Broadband Falls Short in U.S.
Large swaths of the western and southern U.S. do not have access to wired or fixed wireless broadband, according to a new national broadband map released by two U.S. agencies Thursday.
The nation's first national broadband map shows that between 5 percent and 10 percent of the U.S. population lacks access to broadband that supports basic applications, including downloading Web pages, photos and video, said the U.S. National Telecommunications and Information Administration (NTIA). The NTIA released the map in cooperation with the U.S. Federal Communications Commission.
The broadband map was developed using open-source software such as the OpenGEO Suite and WordPress, and the agencies will make the map's APIs (application programming interfaces) available to all developers and entrepreneurs who want to offer services tied to the map, NTIA and FCC officials said. The agencies will update the data in the map every six months, and the map includes a feature where users can report information about broadband providers in their area.
The map will help broadband providers and government agencies target areas that need broadband service, and help consumers compare service and speed, said Julius Genachowski, the FCC's chairman. The first release of the map is "just the beginning," he said during a press conference.
"Millions of Americans live in areas where they can't get broadband even if they wanted because the infrastructure simply isn't there," he added.
The NTIA also announced new broadband adoption information Thursday. About 68.2 percent of U.S. residents subscribe to broadband now, compared to 63.5 percent a year ago, said Rebecca Blank, acting deputy secretary at the U.S. Department of Commerce, the NTIA's parent agency.
The growth is "good news, but when you dig deeper into the data, it's clear that we still have work to do," Blank said.
White households have an adoption rate about 20 percent higher than African-American or Hispanic households, she said. The adoption rate in rural areas is about 10 percent behind urban areas, she added.

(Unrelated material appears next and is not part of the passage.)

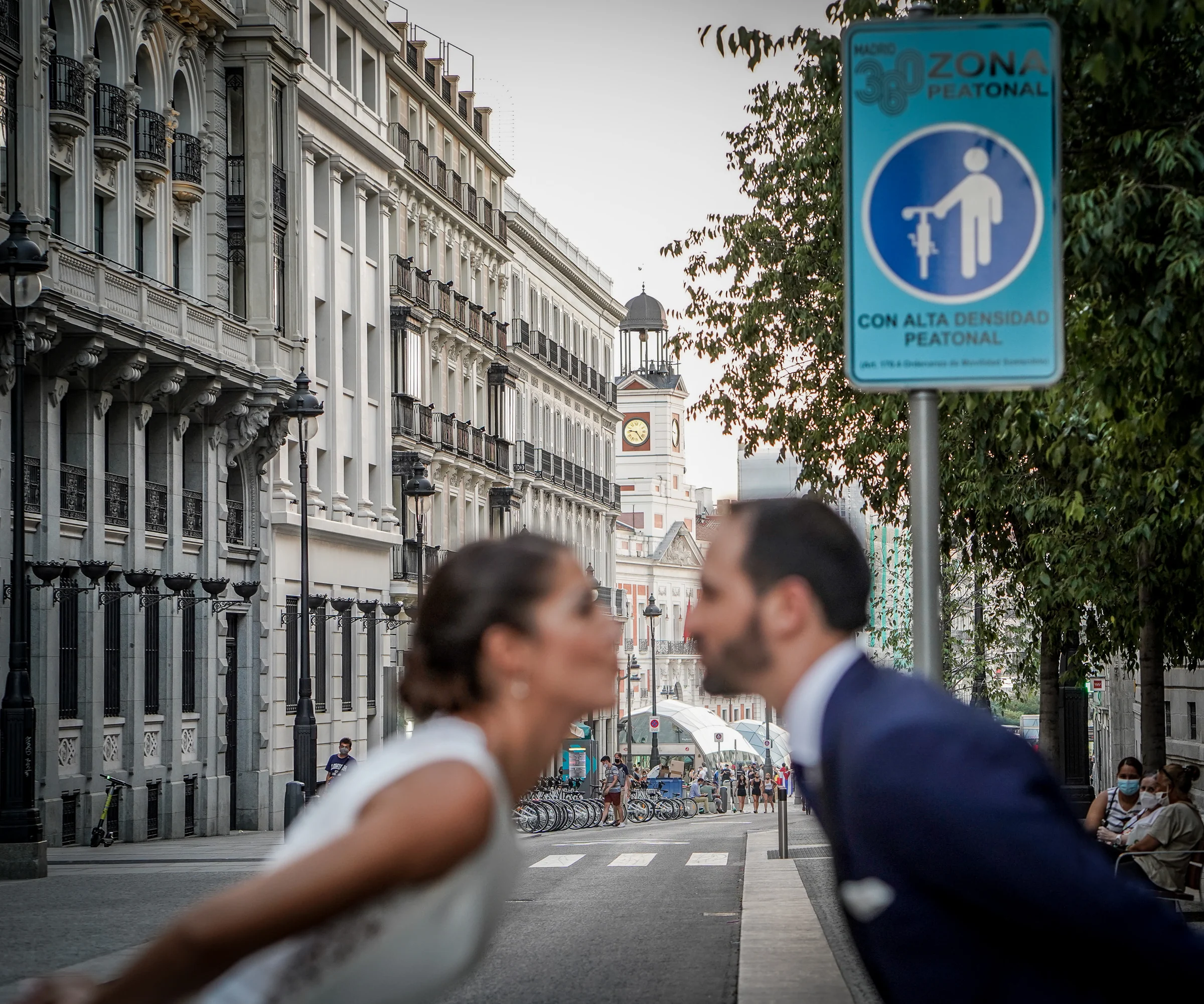Sara y Edu se acercan para besarse con la Puerta del Sol y la señal de zona peatonal al fondo durante su postboda en Madrid.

The broadband map also shows that schools and libraries have slower broadband speeds than they need, added Larry Strickling, NTIA's administrator. Schools with 1,000 students should have broadband speeds of 50 to 100 Mbps, but two-thirds of schools in the U.S. have speeds lower than 25 Mbps, he said. Only 4 percent of libraries have speeds above 25 Mbps, he added.
Some critics of the American Recovery and Reinvestment Act, passed by Congress in early 2009, said the bill should not have authorized the NTIA and the U.S. Rural Utilities Service to award about US$7 billion in broadband deployment grants and loans before the map was completed. The legislation required the two agencies to award the money by late 2010, while the deadline for the map to be available was Thursday.
Strickling said he suspects the broadband map will confirm the choices the NTIA made, although the agency focused more on building middle-mile access and bringing broadband to community institutions than on the residential broadband service the map shows.
The map allows users to search by address. The map shows that the area around the FCC's headquarters in southwest Washington, D.C., has 14 wired or wireless broadband providers offering download speeds of 768 Kbps or faster, but only one provider offering service of 10 Mbps to 25 Mbps and none offering faster speeds.
Fessenden, North Dakota, a farming community with about 600 residents, has two wired and two mobile providers, although one wired provider offers service of 25 to 50 Mbps, according to the map. Riverside, a town with about 60 residents in south central Wyoming, has one broadband provider offering speeds of 1.5 to 3 Mbps.
The map project, which will cost about $200 million over five years, includes money for states to update their broadband data. Data from about 1,600 broadband providers is included in the map, officials said.
Verizon Communications praised the broadband map, saying it will be useful for consumers.
But some critics questioned its accuracy and usefulness. NTIA has created a "good map" with lots of useful information, but it lacks solid data on broadband speed, said community broadband consultant Craig Settles.
"It is a shame that the map's potential value is severely crippled by incumbents' refusal to provide the one element of data that is key to the main reason for having the map -- accurate speeds," he said. "By and large, this map will always be incomplete. The two pieces of data needed by federal, state and local governments to create useful broadband policy and to spend money effectively for broadband projects are actual speeds plus a true picture of the competitive landscape within any given area."
The map's crowd-sourcing feature will update slowly, Settles added. "More importantly, if a community doesn't have a broadband connection crowd-sourcing data from them will be a little difficult," he added.